* **ABOUT THIS TASK**
Starting with the line below that holds "Cisco Asa X" and stopping after the line that holds "vue项目下各文件夹和各文件的功能描述", transcribe the lines exactly, leaving out all pictures.

═════ DATASET ═════

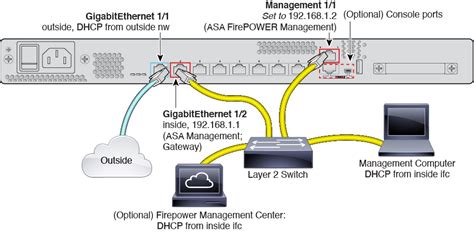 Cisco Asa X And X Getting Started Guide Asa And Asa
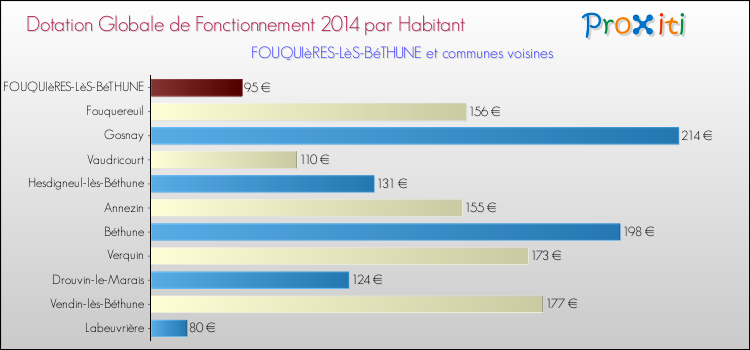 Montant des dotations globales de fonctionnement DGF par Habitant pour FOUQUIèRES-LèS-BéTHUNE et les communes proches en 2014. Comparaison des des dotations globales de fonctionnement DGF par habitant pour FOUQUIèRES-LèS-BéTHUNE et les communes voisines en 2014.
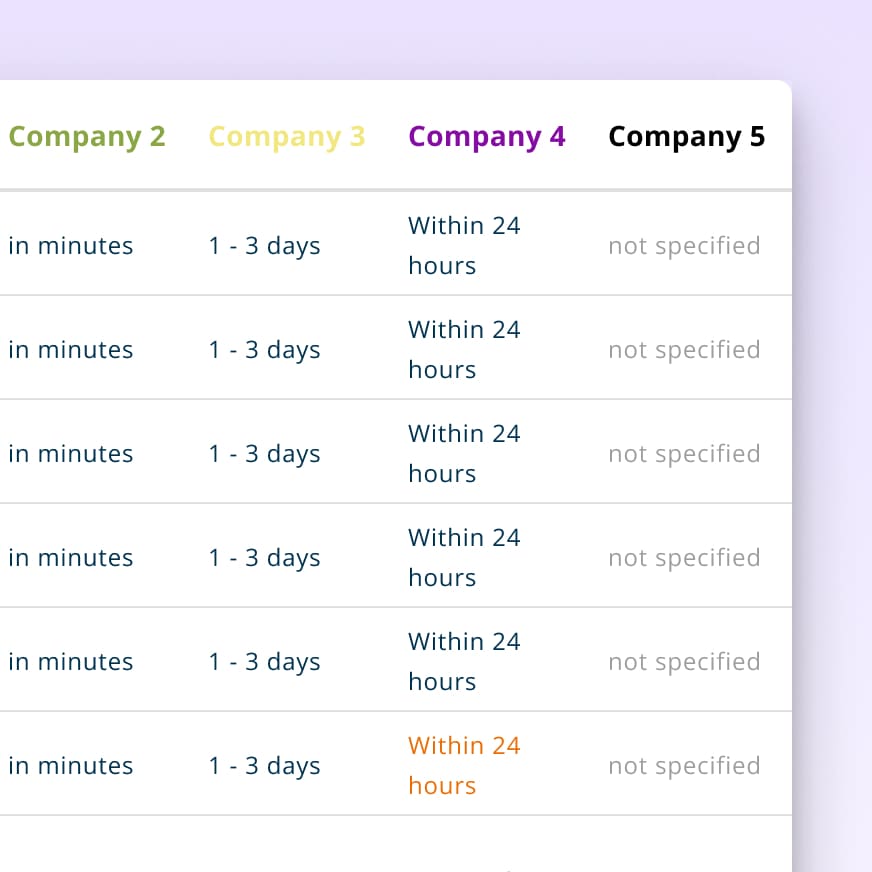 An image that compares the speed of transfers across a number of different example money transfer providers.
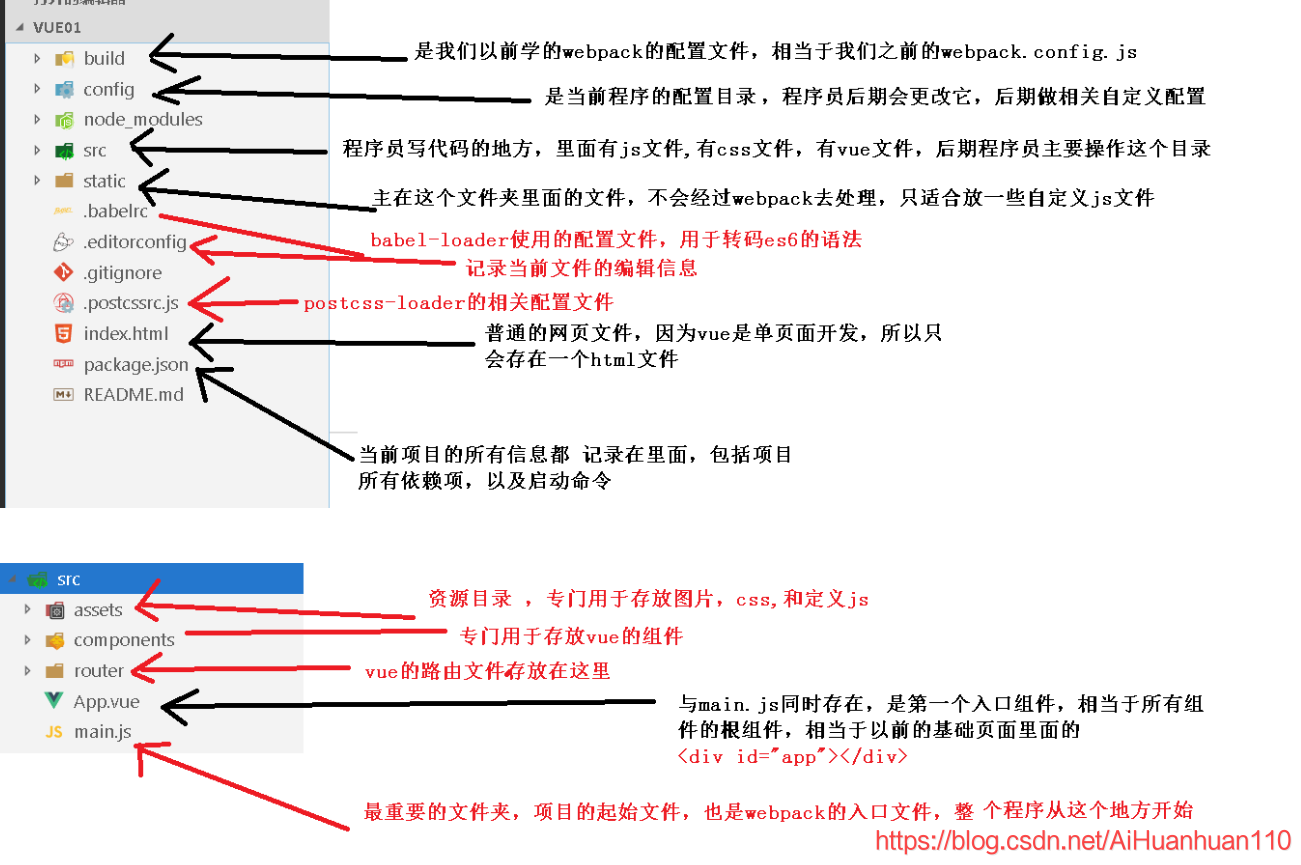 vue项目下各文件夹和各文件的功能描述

═════
═════ DATASET ═════

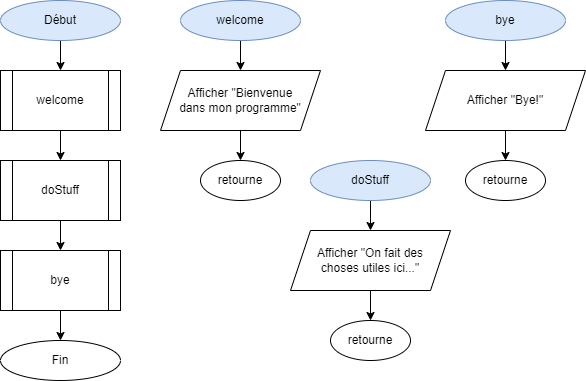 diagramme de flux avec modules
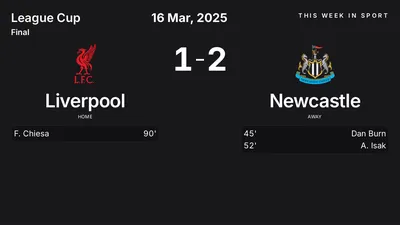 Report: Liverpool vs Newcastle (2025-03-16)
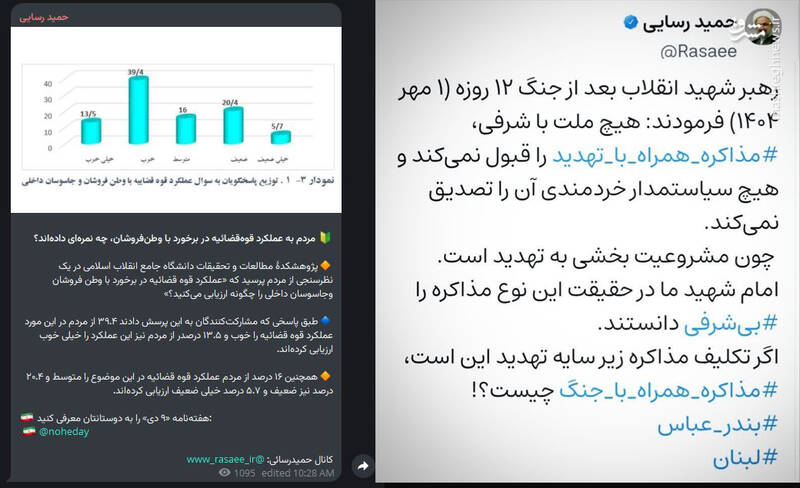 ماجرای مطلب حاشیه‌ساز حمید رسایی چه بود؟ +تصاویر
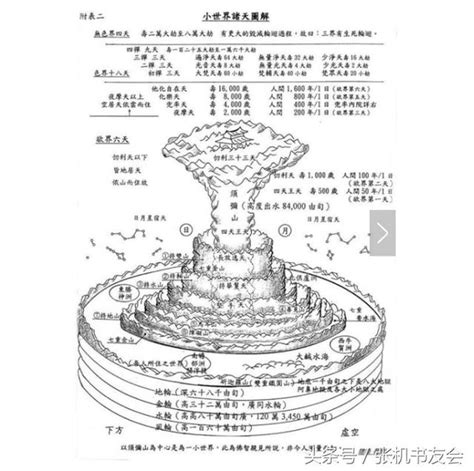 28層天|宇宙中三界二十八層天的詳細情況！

═════

* **TASK RESULT**
 Cisco Asa X And X Getting Started Guide Asa And Asa
 Montant des dotations globales de fonctionnement DGF par Habitant pour FOUQUIèRES-LèS-BéTHUNE et les communes proches en 2014. Comparaison des des dotations globales de fonctionnement DGF par habitant pour FOUQUIèRES-LèS-BéTHUNE et les communes voisines en 2014.
 An image that compares the speed of transfers across a number of different example money transfer providers.
 vue项目下各文件夹和各文件的功能描述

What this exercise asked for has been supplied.